Code for training and evaluating global-scale species range estimation models. This code enables the recreation of the results from our Neurips paper Combining Observational Data and Language for Species Range Estimation.
Species range maps (SRMs) are essential tools for research and policy-making in ecology, conservation, and environmental management. However, traditional SRMs rely on the availability of environmental covariates and high-quality species location observation data, both of which can be challenging to obtain due to geographic inaccessibility and resource constraints. We propose a novel approach combining millions of citizen science species observations with textual descriptions from Wikipedia, covering habitat preferences and range descriptions for tens of thousands of species. Our framework maps locations, species, and text descriptions into a common space, facilitating the learning of rich spatial covariates at a global scale and enabling zero-shot range estimation from textual descriptions. Evaluated on held-out species, our zero-shot SRMs significantly outperform baselines and match the performance of SRMs obtained using tens of observations. Our approach also acts as a strong prior when combined with observational data, resulting in more accurate range estimation with less data.

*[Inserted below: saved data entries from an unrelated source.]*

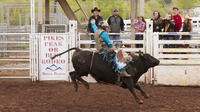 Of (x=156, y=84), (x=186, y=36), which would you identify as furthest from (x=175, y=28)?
(x=156, y=84)

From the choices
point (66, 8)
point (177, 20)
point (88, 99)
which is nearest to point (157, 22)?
point (177, 20)

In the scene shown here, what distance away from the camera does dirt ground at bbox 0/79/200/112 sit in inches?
238

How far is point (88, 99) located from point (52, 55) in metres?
2.87

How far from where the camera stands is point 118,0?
169 feet

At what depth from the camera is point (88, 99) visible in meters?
6.91

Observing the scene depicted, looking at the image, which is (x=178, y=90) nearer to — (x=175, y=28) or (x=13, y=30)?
(x=175, y=28)

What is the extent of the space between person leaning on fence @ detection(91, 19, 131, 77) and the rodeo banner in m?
2.70

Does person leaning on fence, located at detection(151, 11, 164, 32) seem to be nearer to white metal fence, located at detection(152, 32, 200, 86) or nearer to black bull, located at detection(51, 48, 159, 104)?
white metal fence, located at detection(152, 32, 200, 86)

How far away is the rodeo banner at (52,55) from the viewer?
9.30 m

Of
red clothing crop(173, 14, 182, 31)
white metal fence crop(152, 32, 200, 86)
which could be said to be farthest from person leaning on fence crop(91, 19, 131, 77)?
red clothing crop(173, 14, 182, 31)

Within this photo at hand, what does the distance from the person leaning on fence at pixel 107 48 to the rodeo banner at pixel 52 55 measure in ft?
8.86

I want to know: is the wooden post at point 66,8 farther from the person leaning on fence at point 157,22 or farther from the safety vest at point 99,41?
the safety vest at point 99,41

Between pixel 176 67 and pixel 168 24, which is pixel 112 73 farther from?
pixel 168 24

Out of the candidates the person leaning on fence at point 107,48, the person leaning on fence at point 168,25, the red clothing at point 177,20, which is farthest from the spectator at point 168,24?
the person leaning on fence at point 107,48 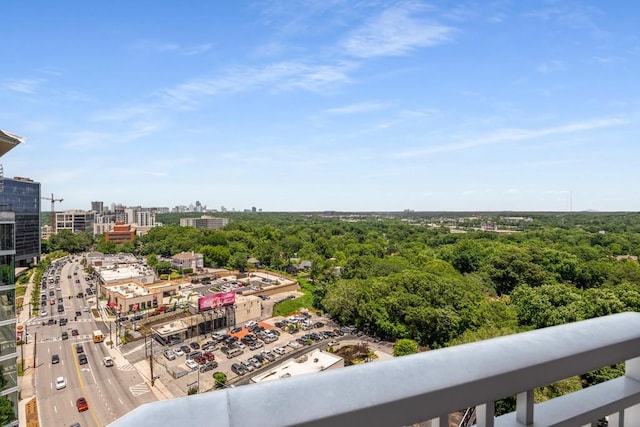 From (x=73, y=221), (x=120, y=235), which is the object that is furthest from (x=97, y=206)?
(x=120, y=235)

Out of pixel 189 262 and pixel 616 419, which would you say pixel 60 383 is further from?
pixel 189 262

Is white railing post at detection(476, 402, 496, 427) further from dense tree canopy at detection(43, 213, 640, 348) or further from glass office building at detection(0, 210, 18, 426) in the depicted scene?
dense tree canopy at detection(43, 213, 640, 348)

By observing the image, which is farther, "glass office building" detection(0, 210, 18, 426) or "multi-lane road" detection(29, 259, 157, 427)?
"multi-lane road" detection(29, 259, 157, 427)

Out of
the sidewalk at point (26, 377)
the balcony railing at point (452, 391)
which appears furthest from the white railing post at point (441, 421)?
the sidewalk at point (26, 377)

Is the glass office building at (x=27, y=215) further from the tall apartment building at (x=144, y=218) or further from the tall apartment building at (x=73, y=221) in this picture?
the tall apartment building at (x=144, y=218)

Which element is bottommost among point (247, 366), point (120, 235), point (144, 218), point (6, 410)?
point (247, 366)

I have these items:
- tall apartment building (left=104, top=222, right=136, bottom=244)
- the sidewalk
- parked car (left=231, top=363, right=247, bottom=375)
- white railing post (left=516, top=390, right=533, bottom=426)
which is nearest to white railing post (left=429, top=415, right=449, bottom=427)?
white railing post (left=516, top=390, right=533, bottom=426)

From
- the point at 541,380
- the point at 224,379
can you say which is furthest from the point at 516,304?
the point at 541,380

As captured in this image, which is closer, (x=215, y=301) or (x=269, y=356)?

Our LE-SINR model takes as input free-form text describing aspects of a species’ preferred
habitat or range and geospatially grounds it to generate a plausible range map for that species.
-
We recommend using an isolated Python environment to avoid dependency issues. Install the Anaconda Python 3.9 distribution for your operating system from here.
-
Create a new environment and activate it:
conda create -y --name sinr_icml python==3.9
conda activate sinr_icml
- After activating the environment, install the required packages:
pip3 install -r requirements.txt
We provide the weights for two different model configurations. Our best performing model is available here, which takes environmental covariates as input. Our position-only model is available here. These models go in the pretrained_models
folder.
To train or evaluate a model yourself, you will need to download the text and observation data. Instructions for downloading the data in data/README.md
. To run inference with the best model, you only need to download Environmental Features.
To visualize range predictions from a text input, run the following command:
python viz_text_feats.py
The script will prompt you to provide text and then generates a range map.

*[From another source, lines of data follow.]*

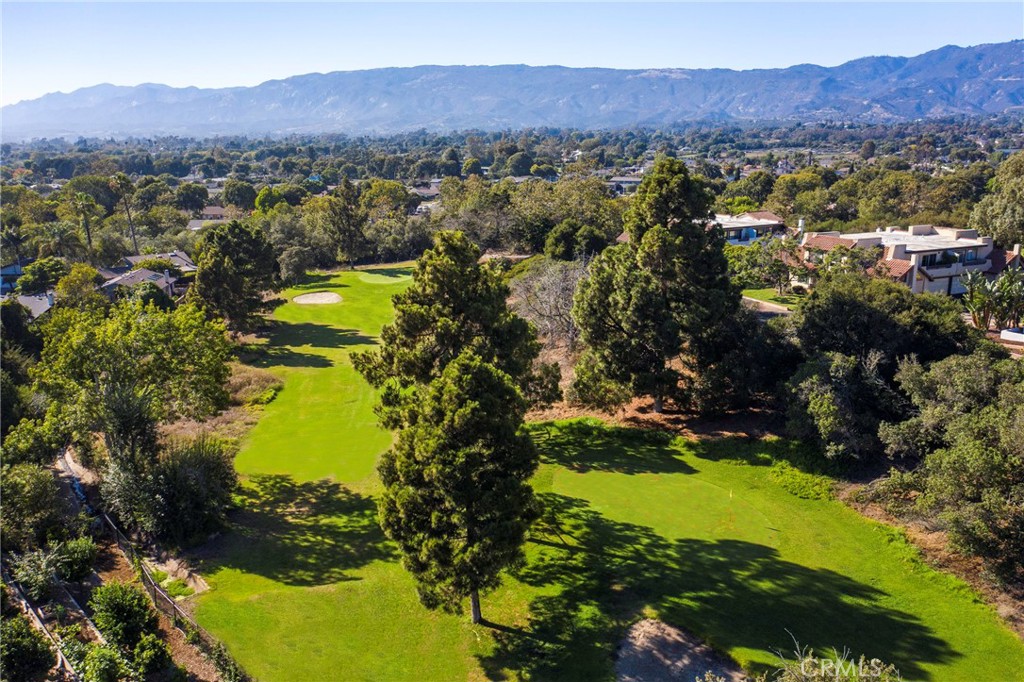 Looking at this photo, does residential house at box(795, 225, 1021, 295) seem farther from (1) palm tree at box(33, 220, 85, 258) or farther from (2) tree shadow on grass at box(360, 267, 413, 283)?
(1) palm tree at box(33, 220, 85, 258)

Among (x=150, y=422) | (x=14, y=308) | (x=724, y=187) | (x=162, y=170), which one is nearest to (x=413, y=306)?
(x=150, y=422)

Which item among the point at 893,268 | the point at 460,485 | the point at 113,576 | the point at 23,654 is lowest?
the point at 113,576

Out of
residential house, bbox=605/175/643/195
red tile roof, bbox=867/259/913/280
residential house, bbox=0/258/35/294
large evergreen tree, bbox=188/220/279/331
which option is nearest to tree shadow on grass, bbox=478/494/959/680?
red tile roof, bbox=867/259/913/280

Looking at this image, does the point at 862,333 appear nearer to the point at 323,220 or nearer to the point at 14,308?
the point at 14,308

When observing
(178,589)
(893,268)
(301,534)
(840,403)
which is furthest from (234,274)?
(893,268)

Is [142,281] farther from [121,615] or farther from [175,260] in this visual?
[121,615] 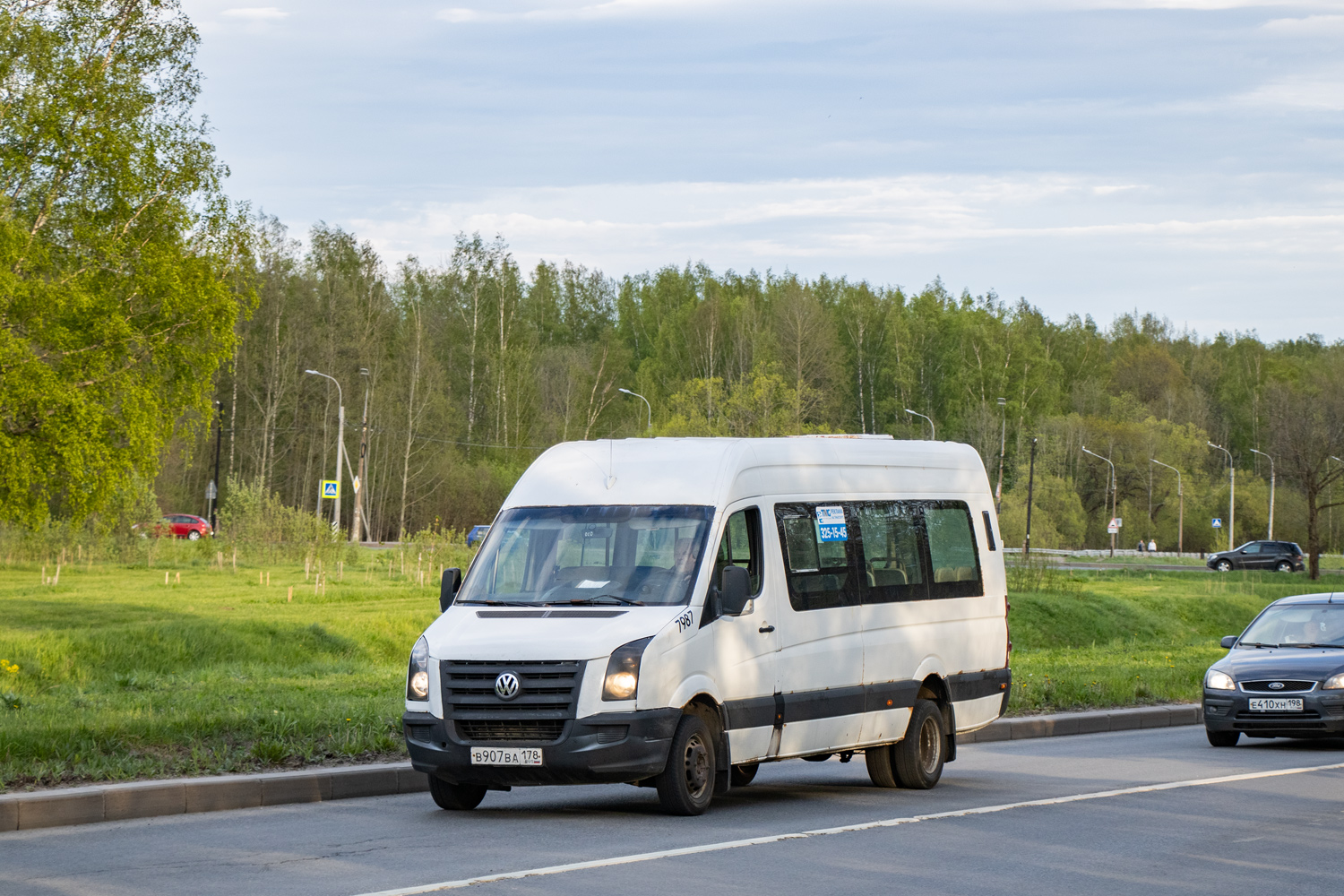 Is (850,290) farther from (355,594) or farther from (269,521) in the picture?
(355,594)

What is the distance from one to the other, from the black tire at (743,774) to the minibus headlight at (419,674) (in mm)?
2906

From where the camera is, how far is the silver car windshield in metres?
16.7

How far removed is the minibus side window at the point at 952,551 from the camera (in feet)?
41.8

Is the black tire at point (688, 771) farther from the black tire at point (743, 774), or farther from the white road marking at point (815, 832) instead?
the black tire at point (743, 774)

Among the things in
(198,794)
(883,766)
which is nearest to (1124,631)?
(883,766)

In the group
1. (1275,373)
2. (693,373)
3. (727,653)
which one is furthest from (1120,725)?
(1275,373)

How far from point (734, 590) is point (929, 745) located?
303cm

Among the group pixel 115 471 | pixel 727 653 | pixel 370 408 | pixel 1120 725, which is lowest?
pixel 1120 725

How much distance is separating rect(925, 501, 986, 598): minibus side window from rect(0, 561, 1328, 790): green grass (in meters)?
4.48

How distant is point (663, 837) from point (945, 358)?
95489mm

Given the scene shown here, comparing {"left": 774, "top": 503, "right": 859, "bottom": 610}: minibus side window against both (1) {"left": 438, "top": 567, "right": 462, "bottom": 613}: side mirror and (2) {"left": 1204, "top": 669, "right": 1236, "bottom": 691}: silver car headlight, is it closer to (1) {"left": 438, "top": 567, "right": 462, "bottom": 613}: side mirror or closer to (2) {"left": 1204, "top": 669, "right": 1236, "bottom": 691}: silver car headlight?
(1) {"left": 438, "top": 567, "right": 462, "bottom": 613}: side mirror

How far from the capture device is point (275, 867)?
26.3 feet

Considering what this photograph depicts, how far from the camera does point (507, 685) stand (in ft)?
31.4

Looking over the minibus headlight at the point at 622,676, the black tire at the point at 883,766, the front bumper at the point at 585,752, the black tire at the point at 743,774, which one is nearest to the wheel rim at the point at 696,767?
the front bumper at the point at 585,752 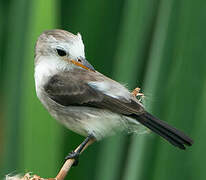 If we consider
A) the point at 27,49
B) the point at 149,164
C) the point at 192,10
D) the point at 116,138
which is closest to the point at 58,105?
the point at 116,138

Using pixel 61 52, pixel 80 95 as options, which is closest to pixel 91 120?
pixel 80 95

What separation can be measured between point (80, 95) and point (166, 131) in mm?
469

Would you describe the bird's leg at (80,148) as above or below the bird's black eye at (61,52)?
below

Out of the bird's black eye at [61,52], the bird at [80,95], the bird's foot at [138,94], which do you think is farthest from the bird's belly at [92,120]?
the bird's black eye at [61,52]

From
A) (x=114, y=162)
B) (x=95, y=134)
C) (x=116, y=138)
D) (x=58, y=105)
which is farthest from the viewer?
(x=58, y=105)

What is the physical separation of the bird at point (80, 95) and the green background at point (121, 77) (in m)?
0.08

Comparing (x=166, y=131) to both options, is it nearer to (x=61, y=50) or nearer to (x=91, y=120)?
(x=91, y=120)

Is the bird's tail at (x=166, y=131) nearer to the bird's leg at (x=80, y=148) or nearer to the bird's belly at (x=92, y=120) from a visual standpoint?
the bird's belly at (x=92, y=120)

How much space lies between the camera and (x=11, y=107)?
4.30ft

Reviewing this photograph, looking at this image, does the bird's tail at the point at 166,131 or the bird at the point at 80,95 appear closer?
the bird's tail at the point at 166,131

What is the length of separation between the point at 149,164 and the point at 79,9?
661 mm

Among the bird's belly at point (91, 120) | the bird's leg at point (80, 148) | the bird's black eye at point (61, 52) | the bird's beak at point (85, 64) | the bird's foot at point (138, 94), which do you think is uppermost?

Note, before you run this command you may need to first download the data as described in data/README.md
. In addition, if you want to evaluate some of the pretrained models from the paper, you need to download those first and place them at pretrained_models
.
To train and evaluate a model, run the following command:
python train_and_evaluate_models.py
Common parameters of interest can be set within train_and_evaluate_models.py
. All other parameters are exposed in setup.py
.
By default, trained models and evaluation results will be saved to a folder in the experiments
directory. Evaluation results will also be printed to the command line.
This project was funded by a Royal Society Research Grant and supported by grant #2329927 from the National Science Foundation. This codebase is built off of SINR.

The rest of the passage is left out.